PACW as a corporate entity will be the surviving corporate entity while Bac of California's management / board is taking over and they'll take the name. This means the shares won't automatically be redeemed.
Hmmmm. Did the PACW name gain value for having survived a newsworthy bank run?
Matt Levine writes that PACW will survive as an accounting entity while Banc of CA will survive in name.
If I understand correctly, the acquiring entity can sell assets at the price of the disappearing entity under accounting regs, and accounting regs specify that the bigger bank (PACW!) is the acquirer. Thus the bank will sell assets at Banc of CA full pricing, not weak PACW pricing, to pay down expensive debt that PACW had needed to prevent further runs. In effect the merger reduced costs, rather than deriving value from PACW name - or in other words, actually gained value by removing the besmirched PACW name. Value was not gained compared to before the bank run, but some of the bank run's value damage was removed by the merger.
Text below is from second article on day linked (yesterday, as I write).
https://newsletterhunt.com/emails/35221"PacWest
Here is the simplest story of what went wrong at US regional banks this year:
In the good times, they attracted a lot of deposits, paid 0% interest on those deposits, and invested them in long-term assets (mortgages and loans and bonds) paying 3%.
Then interest rates went up and all those assets were worth like 90 cents on the dollar at market prices.
Depositors panicked, worrying that the banks were insolvent, and took their money out, forcing the banks to sell the assets at 90 cents on the dollar, which did not raise enough money to pay back the depositors, which led to bank failure.
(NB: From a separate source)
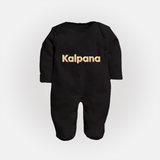 Cutest Sleep Suit / Full Sleeve Bodysuit Ever | Personalized with Your Baby's Name - BLACK - New Born (Chest 7.5")
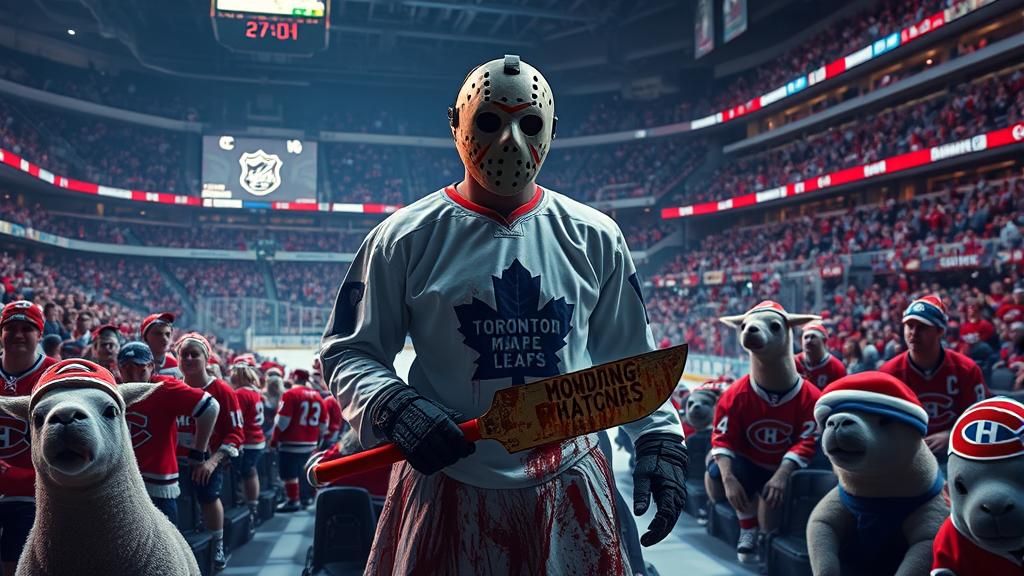 Jason Vorhees Attends Toronto Hockey Game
That story is actually a reasonably accurate description of the fall of Silicon Valley Bank, but for most regional banks the story is a bit more nuan ced, more like this:
In the good times, they attracted a lot of deposits, paid 0% interest on those deposits, and invested them in long-term assets paying 3%.
Then interest rates went up and all those assets were worth like 90 cents on the dollar at market prices.
Depositors panicked, worrying that the banks were insolvent, and took their money out, forcing the banks to borrow from the government — from the Federal Reserve’s discount window, from its new Bank Term Funding Program or from the Federal Home Loan Bank System — at like 5% interest. (They also get “hot money” from brokered deposits, also at high interest rates.)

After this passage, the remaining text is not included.